- Born: April 22, 1976 (age 50) Cornwall, Ontario, Canada
- Height: 6 ft 0 in (183 cm)
- Weight: 200 lb (91 kg; 14 st 4 lb)
- Position: Defence
- Shot: Left
- Played for: AHL Rochester Americans Hershey Bears IHL Indianapolis Ice Orlando Solar Bears Fort Wayne Komets ECHL Columbus Chill Pensacola Ice Pilots WPHL/CHL Amarillo Rattlers UHL Knoxville Speed
- NHL draft: 118th overall, 1994 Chicago Blackhawks
- Playing career: 1996–2002

= Marc Dupuis =

Canadian ice hockey player

Marc Dupuis (born April 22, 1976) is a Canadian retired professional ice hockey defenceman.

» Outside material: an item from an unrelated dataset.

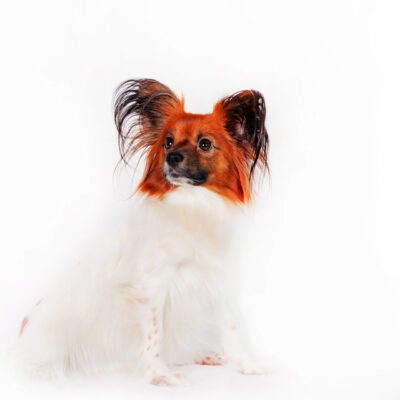Papillon Dog
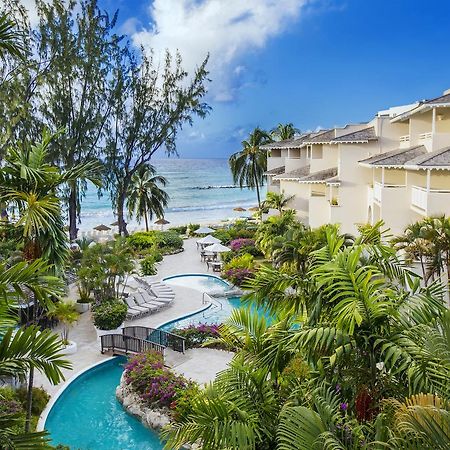 Bougainvillea Barbados كرايست تشيرش المظهر الخارجي الصورة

Dupuis was selected by the Chicago Blackhawks in the fifth round (118th overall) of the 1994 NHL entry draft.

Dupuis played six seasons of professional hockey, mostly in the International Hockey League, where he skated in 151 contests to record 47 points and 102 penalty minutes. He also played 84 regular season games in the ECHL, as well as stints in the American Hockey League, Western Professional Hockey League, United Hockey League, and Central Hockey League.

Dupuis retired from professional hockey following the 2001–02 season, but remained active in the Quebec Senior Hockey League as a player with the Cornwall Comets.

In 2012, Dupuis was inducted into the Cornwall Sports Hall of Fame.